Police missed three clues that could have stopped Sarah Everard’s murder
Sarah’s murder led to an outcry among British women, many of whom took to the streets to protest against the ongoing violence to women saying, ‘enough is enough’.
As her killer was revealed as a former police officer, the outrage grew and this week the media reported that three red flags revealed Wayne Couzens, who will be sentenced in September, was a danger to women, had been ignored. This caused even greater anguish that Sarah’s death could have been avoided if police had acted on them.
The Mail Online reported that further pressure is mounting on Met chief Dame Cressida Dick after it emerged bosses at Scotland Yard missed three crucial clues about killer cop Wayne Couzens that could have seen him kicked out of the force before he murdered Sarah Everard.
Couzens, who kidnapped, raped and murdered the marketing executive while she walked home from a friend's house in Clapham in March, was reported to bosses for allegedly slapping a female colleague's bottom at Bromley police station in 2018 - just weeks after he joined the force.
Shortly after starting at Bromley in South London, the married killer allegedly stopped a female motorist and said her tax and insurance were out of date before making a note of her address so he could later pull up outside her house and leer at her, the Sun on Sunday reports.

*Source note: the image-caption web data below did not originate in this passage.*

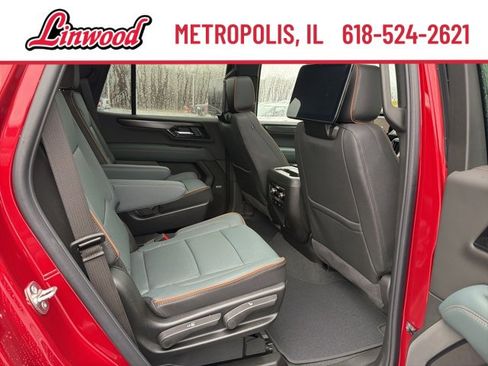 New 2026 GMC Yukon AT4 w/ AT4 Premium Plus Package image 12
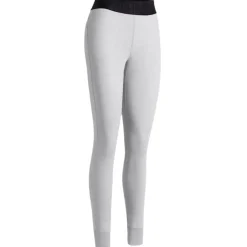 Dæhlie Activate Wool Mix Pants Wmn Quiet Grey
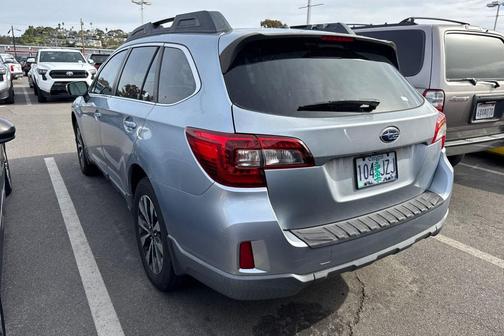 2015 Subaru Outback 2.5i Limited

Couzens, whose former colleagues at the Civil Nuclear Constabulary allegedly nicknamed him 'The Rapist' because of how he is said to have made female colleagues uneasy, is also accused of parking his patrol car by schools so he could watch mothers and sixth formers.
A Metropolitan Police spokesman told MailOnline that it has no record of the allegations being passed to the Directorate of Professional Standards and will assess any new allegation it receives 'appropriately'. The force previously told the Sun on Sunday: 'We are not able to respond to queries such as this while proceedings are ongoing.'
Last night it also emerged that police will be told to take offences such as indecent exposure and street harassment - what a Home Office source described to the Sunday Times as 'non-contact sexual offences' - more seriously in the wake of the murder.
The latest allegations are likely to heap pressure on Commissioner Dame Cressida to explain why Couzens was not kicked out of the force - and why he became an armed member of the elite Parliamentary and Diplomatic Protection squad at the time of Miss Everard's killing.